Location: Plant Gene Expression Center
2021 Annual Report
Objectives
The long-term goal of this program is to define the molecular mechanisms by which the phy family of sensory photoreceptors perceive and transduce informational light signals from the environment to photoresponsive genes in regulating plant adaptational growth and development. The central goal of this proposal is to define the mechanisms by which the phys induce and modulate the Shade-Avoidance Response (SAR) in the constantly fluctuating light environment encountered in dense crop vegetational canopies. Toward this goal, the specific objectives for this funding period are:
Objective 1: Define the biological functions of the multiple Phy-Interacting transcription Factor (PIF)-family members in controlling the shade-avoidance response, including dissection of the relative contributions of the individual PIFs to this process.

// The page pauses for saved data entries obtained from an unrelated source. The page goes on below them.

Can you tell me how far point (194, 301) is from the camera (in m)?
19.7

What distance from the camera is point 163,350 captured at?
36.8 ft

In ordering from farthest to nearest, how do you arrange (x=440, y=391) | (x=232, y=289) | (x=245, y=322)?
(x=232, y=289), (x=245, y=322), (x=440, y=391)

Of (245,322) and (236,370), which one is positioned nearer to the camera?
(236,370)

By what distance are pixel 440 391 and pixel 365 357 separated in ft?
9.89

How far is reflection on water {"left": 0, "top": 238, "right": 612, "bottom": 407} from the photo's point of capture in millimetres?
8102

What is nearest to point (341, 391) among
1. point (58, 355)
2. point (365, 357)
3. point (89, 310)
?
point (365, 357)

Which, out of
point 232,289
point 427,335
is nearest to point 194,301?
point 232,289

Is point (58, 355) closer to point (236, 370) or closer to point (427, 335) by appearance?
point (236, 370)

Objective 2: Define the direct gene-targets of shade-active-PIF transcriptional regulation, and determine whether, and to what extent, this regulation involves differential direct targeting of rapidly shade-responsive genes by the individual PIF-family members.

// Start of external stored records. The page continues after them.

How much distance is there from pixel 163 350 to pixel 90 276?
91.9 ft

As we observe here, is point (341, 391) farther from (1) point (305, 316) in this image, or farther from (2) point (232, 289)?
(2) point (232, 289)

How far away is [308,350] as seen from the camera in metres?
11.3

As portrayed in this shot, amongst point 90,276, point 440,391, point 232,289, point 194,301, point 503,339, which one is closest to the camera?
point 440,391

Objective 3: Define the mechanism by which genes that lack apparent PIF regulation during skotomorphogenesis, but acquire PIF-dependent shade responsiveness in green seedlings (‘shade-specific’ genes), acquire this capacity.
Approach
Objective 1: To define the biological functions of the multiple Phy-Interacting transcription Factor (PIF)-family members in controlling the Shade-Avoidance Response (SAR), including dissection of the relative contributions of the individual PIFs to this process, we will perform phenotypic analyses of our array of higher order, pentuple and sextuple combinations of the pif mutants. This will enable us to define the relative quantitative contributions of the individual PIFs to the various facets of the SAR.
Objective 2: To define the direct gene-targets of shade-active-PIF transcriptional regulation, and determine whether, and to what extent, this regulation involves differential direct targeting of rapidly shade-responsive genes by the individual PIF-family members, we will analyze the global expression profiles of this set of higher-order pif-mutant combinations in response to shade, using RNA-seq, and identify the PIF-bound subset of these genes by ChIP-seq analysis. Direct targets of transcriptional regulation by the individual PIFs will be identified by integrating the RNA-seq and ChIP-seq data for each PIF as we have done for the PIF quartet in dark-grown seedlings.

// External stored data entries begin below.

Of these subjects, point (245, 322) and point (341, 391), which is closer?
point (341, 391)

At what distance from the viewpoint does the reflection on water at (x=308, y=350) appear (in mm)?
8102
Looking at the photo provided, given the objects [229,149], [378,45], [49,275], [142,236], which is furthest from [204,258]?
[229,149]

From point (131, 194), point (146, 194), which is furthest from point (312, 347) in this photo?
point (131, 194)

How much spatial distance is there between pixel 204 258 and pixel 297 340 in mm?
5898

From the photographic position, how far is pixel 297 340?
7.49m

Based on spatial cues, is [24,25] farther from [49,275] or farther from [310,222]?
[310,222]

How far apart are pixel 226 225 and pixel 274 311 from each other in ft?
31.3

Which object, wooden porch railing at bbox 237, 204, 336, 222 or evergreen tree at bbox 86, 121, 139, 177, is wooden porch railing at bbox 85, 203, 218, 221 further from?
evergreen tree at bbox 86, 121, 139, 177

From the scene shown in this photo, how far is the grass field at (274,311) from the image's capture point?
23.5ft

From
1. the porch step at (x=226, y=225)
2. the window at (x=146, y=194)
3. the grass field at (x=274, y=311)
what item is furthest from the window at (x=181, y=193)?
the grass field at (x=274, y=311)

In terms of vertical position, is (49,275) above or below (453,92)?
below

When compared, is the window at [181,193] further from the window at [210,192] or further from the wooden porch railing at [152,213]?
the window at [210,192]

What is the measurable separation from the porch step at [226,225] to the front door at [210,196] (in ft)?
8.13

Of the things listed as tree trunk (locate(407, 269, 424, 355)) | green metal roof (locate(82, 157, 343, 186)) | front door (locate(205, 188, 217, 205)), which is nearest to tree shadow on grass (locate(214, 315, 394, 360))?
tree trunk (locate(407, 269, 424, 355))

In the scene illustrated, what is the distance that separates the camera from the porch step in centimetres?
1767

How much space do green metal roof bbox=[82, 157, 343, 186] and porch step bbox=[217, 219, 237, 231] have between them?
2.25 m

Objective 3: To define the mechanism by which genes that lack apparent PIF regulation during skotomorphogenesis, but acquire PIF-dependent shade responsiveness in green seedlings (‘shade-specific’ genes), acquire this capacity, we will use ChIP-seq analysis for altered accessibility of PIF-binding sites and altered histone marks, indicative of nucleosome modifications, in response to shade. This will enable us to interrogate the genomes of light- and dark-grown Arabidopsis seedlings for differential histone-mark signatures correlated with the acquisition of PIF-dependent shade-signal responsiveness.
Progress Report
In support of Objective 1, ARS and University of California (UC) Berkeley scientists have used multiple mutant combinations to define phenotypic parameters in parallel with definition of relevant underlying molecular phenotypes of these mutants. New mutant combinations with non-Phy-Interacting transcription Factor (PIF) genes were generated for testing epistatic relationships, where appropriate. In support of Objective 2, ARS and UC Berkeley scientists have used RNA-sequencing (RNA-seq) analysis of pif-mutant combinations that indicate differential PIF-member activity based on the phenotypic data. Lines expressing epitope-tagged versions of the previously unavailable PIFs have been generated as a prelude to ChIP analysis with these PIFs. In support of Objective 3, ARS and UC Berkeley scientists have used genome-wide histone-marker (H3K4me3 and H3K9ac) assays to assess the quantitative relationship between the light- and shade-induced expression, and chromatin state (open vs. closed), of the two distinct, PIF-direct-target gene-sets exhibiting these converse expression patterns. The data show that the light-induced genes, on average, show a somewhat more rapid induction of chromatin changes than of increased expression, whereas the shade-induced genes show a more rapid increase in expression than in chromatin state. Combined, these results suggest potentially contrasting mechanisms of transcriptional regulation by light and shade.
Accomplishments
1. Light-imposed, phytochrome-mediated inhibition of transcription factor activity shapes photoperiodic growth. In normal, day-night, diurnal conditions, seedling growth is inhibited in long days (LDs), but promoted under the long nights of short days (SDs). This behavior is partly implemented by phytochrome (phy) light-receptor-imposed oscillations in the abundance of the growth-promoting, phy-interacting transcription factors (called PIFs). By combining growth- and gene-expression analysis in mutants of the different PIF-family members, ARS and University of California, Berkeley, researchers, in Albany, California, have shown that two members, PIF3 and PIF7, dominate in promoting growth during the dark hours of SD, by regulating growth-related gene expression. Collectively, the data suggest that PIF7, together with contributions from the other PIFs, 1,3,4 and 5, is required for the photoperiodic regulation of seasonal growth.